Shortly after that meeting, Tippett came to Glacier Park Lodge in 1950 as its front desk manager, intending to stay for a summer and then head back to London to work at the Hilton property there.

But Tippett decided to stay one more summer, and one more after that, and yet another, until 60 years later, Tippett sits in a room covered in memories.

In his years here, Tippett has seen ownership of Glacier Park Inc. and its hotels change hands four times. As in 1960, a Tucson, Ariz., mayor named Don Hummel bought the operation and put Tippett in charge of the Many Glacier Hotel, a job he would have for the next 25 years.

Tippett spent a week in the hotel by himself and decided that the walls were paper thin, it got too cold at night, and only half of the rooms faced Swiftcurrent Lake, meaning the other half’s guests would check in already slightly disappointed.

“How the hell are you going to please all these people?” he asked himself.

The answer came a year later, when, after an aggressive recruiting campaign at universities across the country, Tippett hired a staff of fresh-faced, enthusiastic college students looking to make a buck in the idyllic surroundings of Glacier.

He recruited based on major: accounting students handling cash and working the front desk, culinary students in the kitchen and history majors giving the bus tours. But Tippett also made the unusual move of seeking out music and drama majors to fill staffs of waiters, busers and bellhops.

While they worked eight-hour hotel jobs, they infused the Many Glacier experience with the ethereal levity of show tunes and hootenannies and made Many Glacier Hotel a one-of-a-kind summer experience. The wait staff would sing to their guests as they ate. The bellhops, clad in lederhosen, would run out to greet arriving tourists and sing as they took their bags.

“No one got off the bus without being serenaded,” Tippett said. “The guests were thrilled to bits with what they saw.”

Behind the scenes, too, Tippett trained his employees with the old-school discipline he had learned from Westminster and from Conrad Hilton himself. On his desk, Tippett has the picture of a young man he recruited off the streets of Los Angeles, which he did after Hummel told him he wanted every portion of the country to be represented at Glacier.

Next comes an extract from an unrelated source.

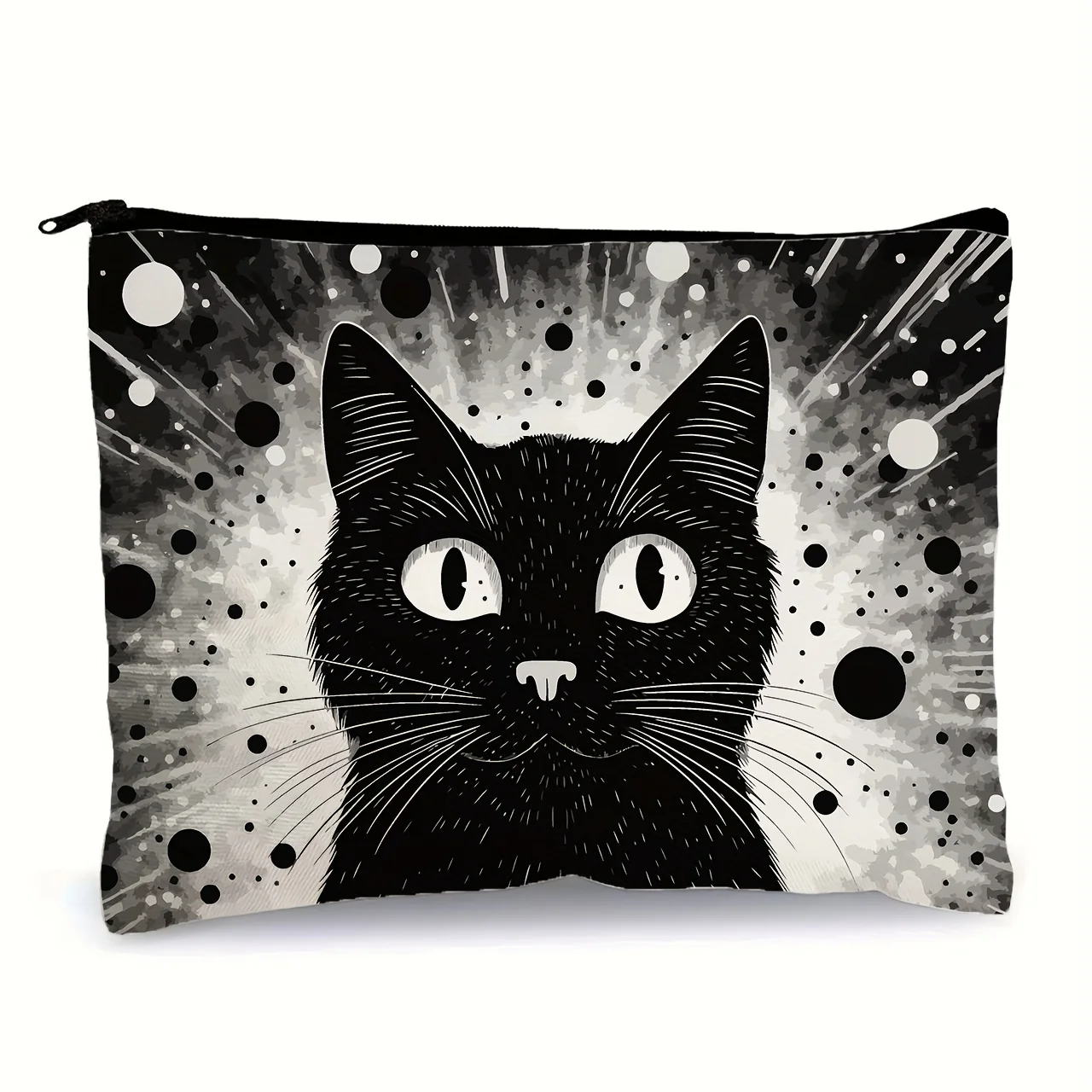 Una borsa per il trucco Black Cat: una graziosa borsa multifunzionale con cerniera per le donne, una borsa per riporre gioielli, una piccola borsa portaoggetti con cerniera da viaggio perfetta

The young man knew nothing about the national parks, and didn’t even know where Montana was, Tippett said.

“What do you like to do?” Tippett asked him.

“I like money,” he replied.

That summer, Tippett had him work the front desk as a cashier, and soon entrusted him to run the hotel’s employee bank. They still keep in touch, and the young man he found on the streets now works in the finance department of a university in California.

What started as a way to keep guests satisfied turned into a now bygone golden age of service and entertainment at Many Glacier Hotel. Officially, Tippett is retired now, but he comes back to Glacier every summer, where he lives in a tiny cottage near the entrance of Glacier Park Lodge. The immaculate display of flower beds surrounding the house are all his work.

Tippett took over operation of the mailroom because “it was such a bloody mess.” His management of mail may not be as glamorous as his tenure with the Many Glacier Hotel, but he still applies his indefatigable work ethic into just about every job he’s had since then. He can still be found cleaning a bathroom, washing a floor or scrubbing a dish every now and then.

After what was originally thought to be a one-season stint at Glacier turned into 60 years, Tippett’s plans of working his way up in the Hilton company didn’t develop as he had planned. But Conrad Hilton’s advice to young Tippett must have stuck anyway, because Ian Tippett’s performance record doesn’t just follow him, it’s etched into Glacier’s history.

He’s ready to put in another 20 years.